2 Replies Latest reply: Jul 16, 2007 8:16 AM by 807605 RSS

    Reading worddoc file

    807605
      Hi..

      i am reading a worddoc of 3000 pages(17MB file) using poi 3, its giving me the below exception.plz help me


      Exception in thread "main" java.lang.OutOfMemoryError: Java heap space

      below is th code
      /**
      */

      public final static Reader getDOCContent(final File f) {
           Reader reader = null;
           FileInputStream fis = null;

           
      try {
      fis = new FileInputStream(f);
      WordExtractor we = new WordExtractor(fis);
      String contents= we.getText();
      reader = new StringReader(contents);
      }
      catch (FileNotFoundException e) {
      System.out.println(" file not found exception in doc" + e.getClass());
      e.printStackTrace();
      }
      catch (Exception e) {
      System.out.println("exception in doc " + e.getClass());
      e.printStackTrace();
      }
      finally {
      if (fis != null) {
      try {
      fis.close();
      }
      catch (IOException e1) {
      System.out.println(" io exception in doc" + e1.getClass());
      e1.printStackTrace();
      }
      }
      }
           return reader;
           }
        • 1. Re: Reading worddoc file
          800282
          Hi..

          i am reading a worddoc of 3000 pages(17MB file)
          using poi 3, its giving me the below exception.plz
          help me
          OMG. I can't imagine MS-Word can open such a file itself without going flat on it's ass!

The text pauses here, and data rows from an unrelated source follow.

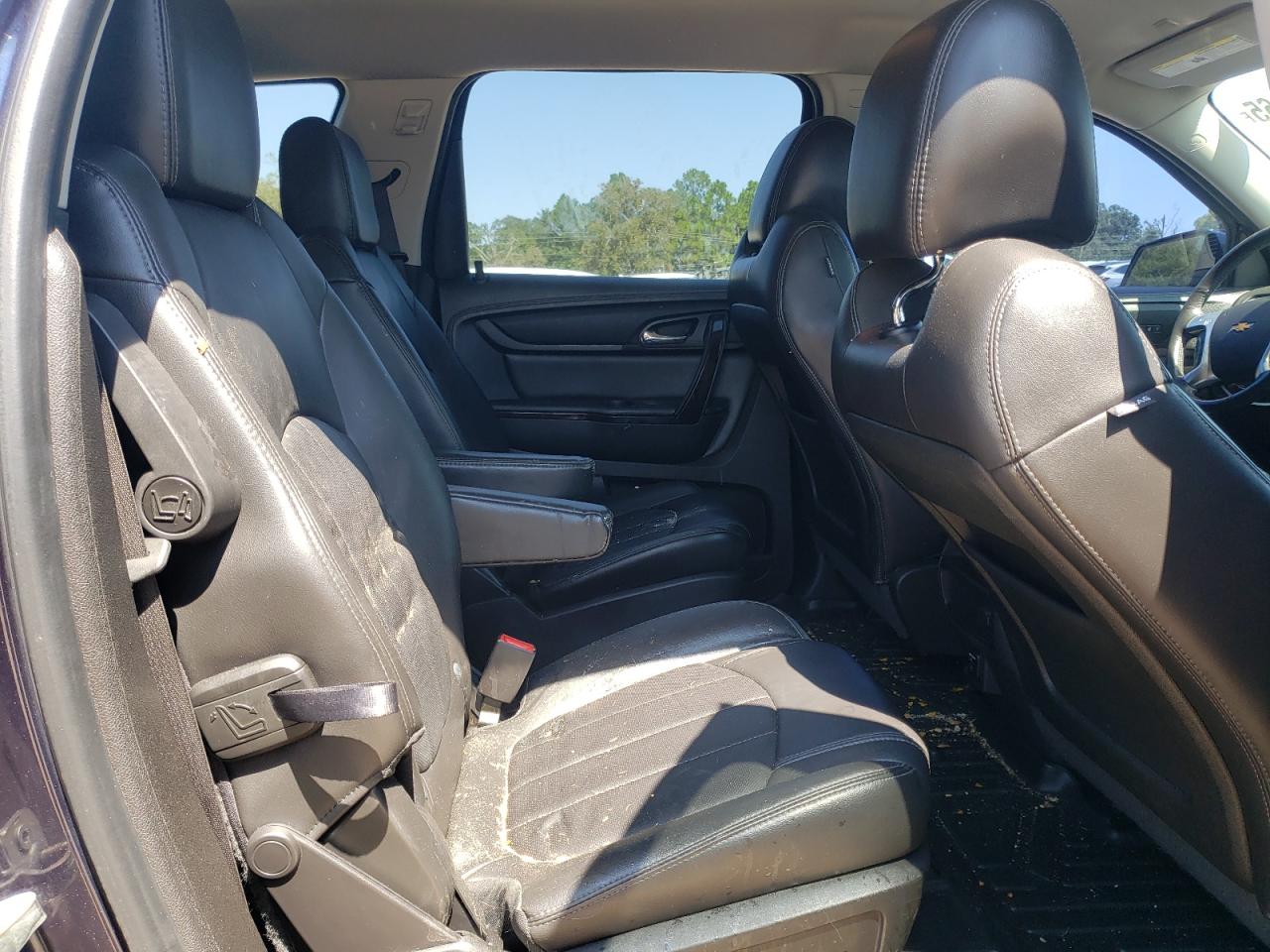 2016 Chevrolet Traverse Ltz VIN: 1GNKRJKD8GJ142290 Lot: 80323065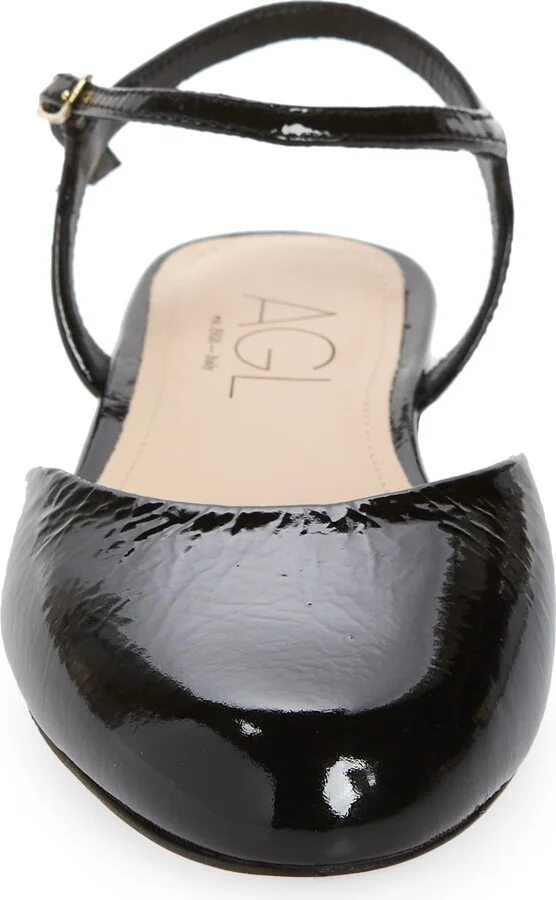 Milly Ankle Strap Flat - Image 11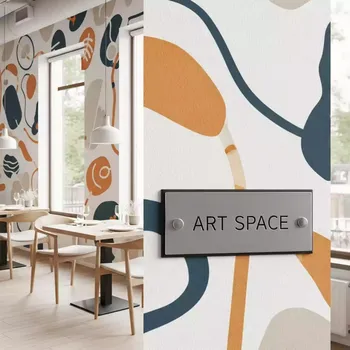 Аренда Фотообои в ресторане «Баран-Рапан» — ART SPACE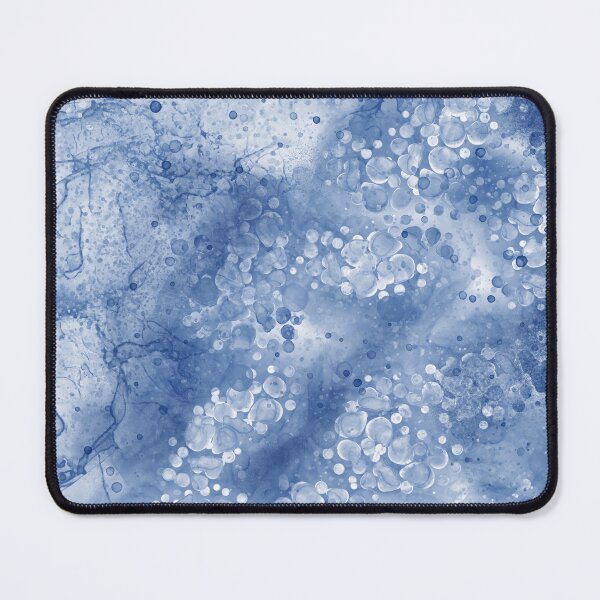 Item preview, Abstract Blue Alcohol Ink designed and sold by Claire_Brown.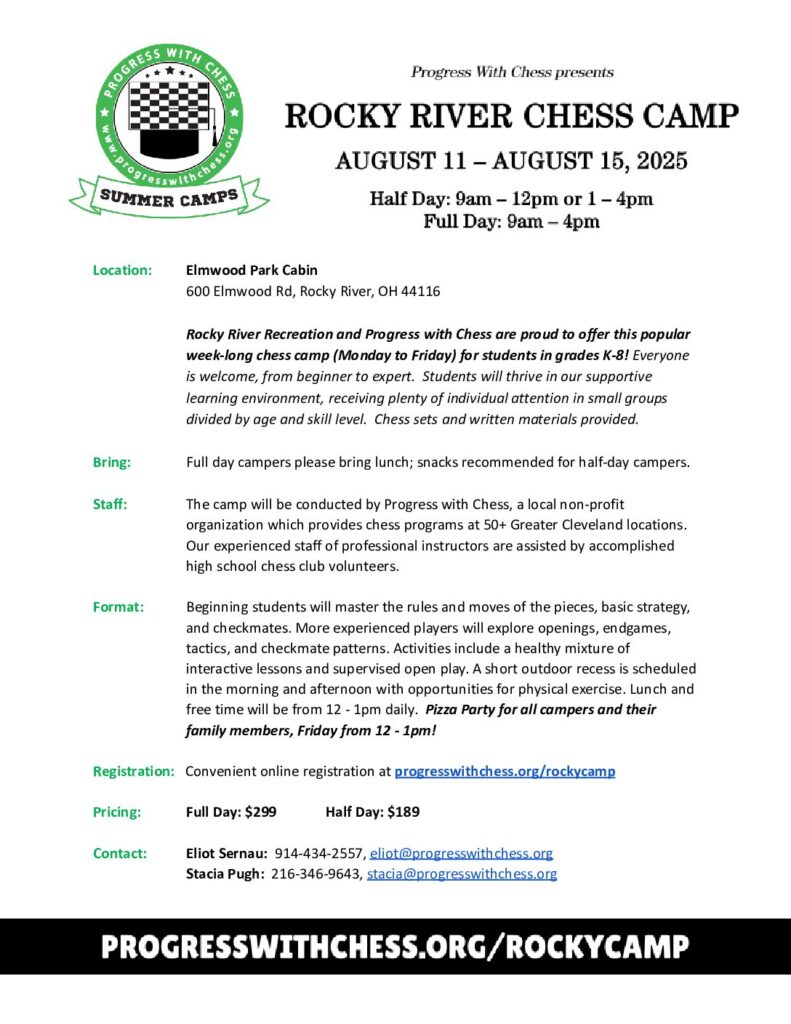 Rocky River Summer Camp 25 &raquo; Rocky River Summer Camp 25 pdf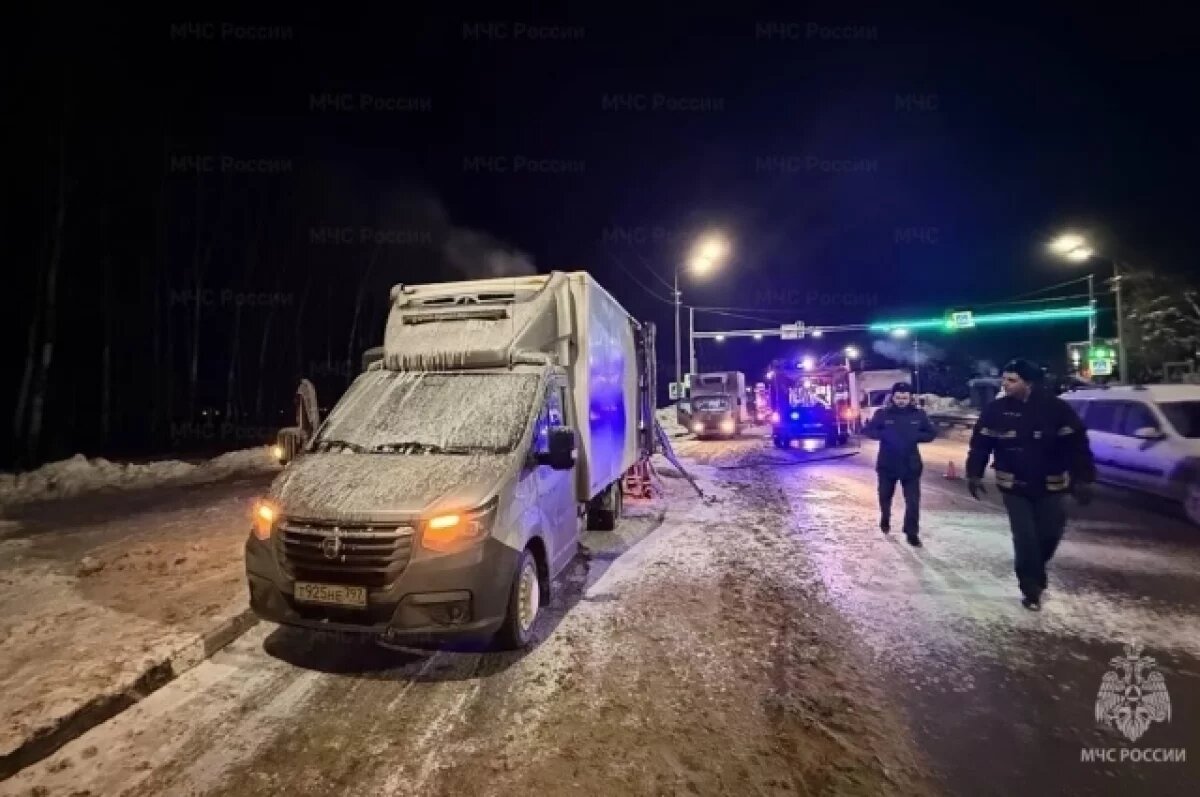    Во Владимире на Растопчина дотла сгорела «ГАЗель»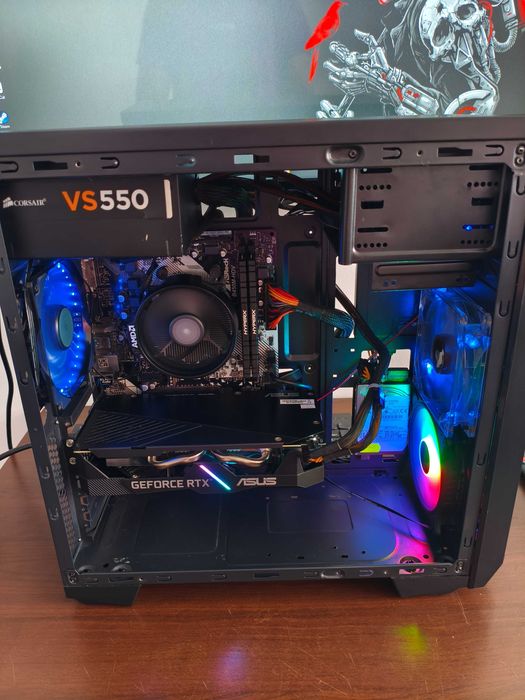 PC Gaming - Ryzen 5 3600 | RTX 2060 6GB | Impecabil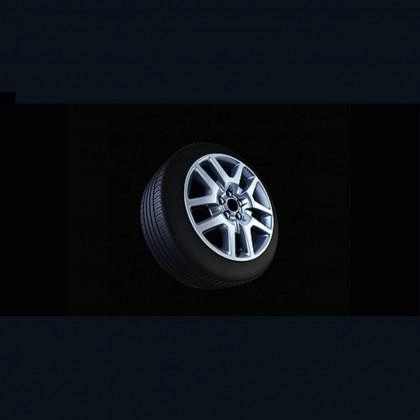 VauxhallAntaraAlloyWheel18"-7Jx18ET45-5Studs5DoubleSpoke"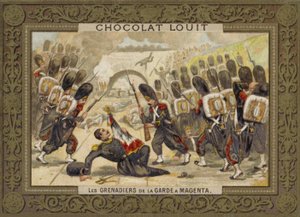 Muhafızların Grenadiers, 1859 Macenta Savaşı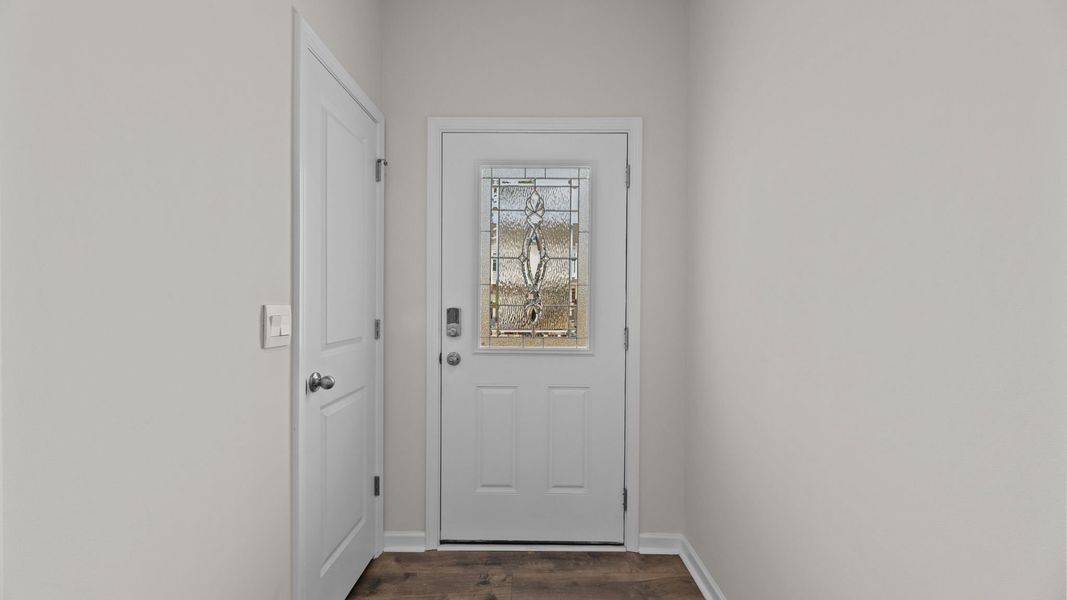 Spacious, unfurnished interior of a new home in Colly Farm, Stokesdale (Image 9). Spacious, unfurnished interior of a new home in Colly Farm, Stokesdale (Image 9).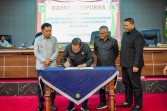 DPRD Kepulauan Meranti Sahkan Ranperda Pertanggungjawaban APBD 2025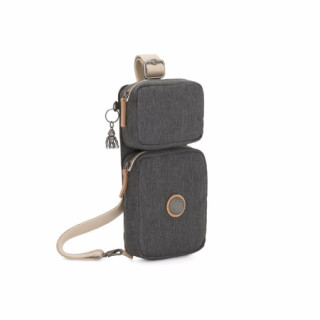 Kipling 凯浦林 中性帆布复古休闲胸包OVANDO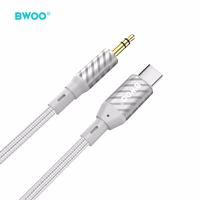 BWOO AUX Laidas Type C to 3.5mm Jack audio AUX074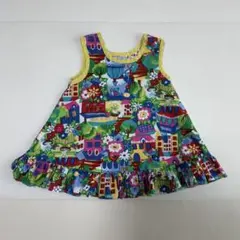 kids vintage ワンピース 90相当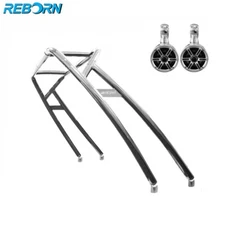 Reborn Launch Forward-facing Wakeboard Tower polished W 2 Free Kicker Speakers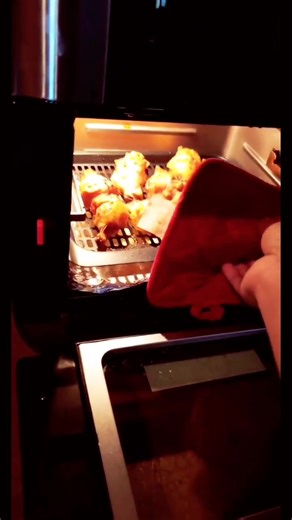 Crispy Air Fried Chicken Wings in Instant Vortex Plus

          Exception in thread "main"
          java.lang.OutOfMemoryError: Java heap space
          - increase your heap (hint: Google);
          and/or
          - post a message to the Jakarta-POI mail list.
          • 2. Re: Reading worddoc file
            807605
            Hi...

            programming is reading upto 1800 pages after this its giving this exception..

            i am writing a desktop search program using lucene, so it should read all the content from a file, what ever may be its size...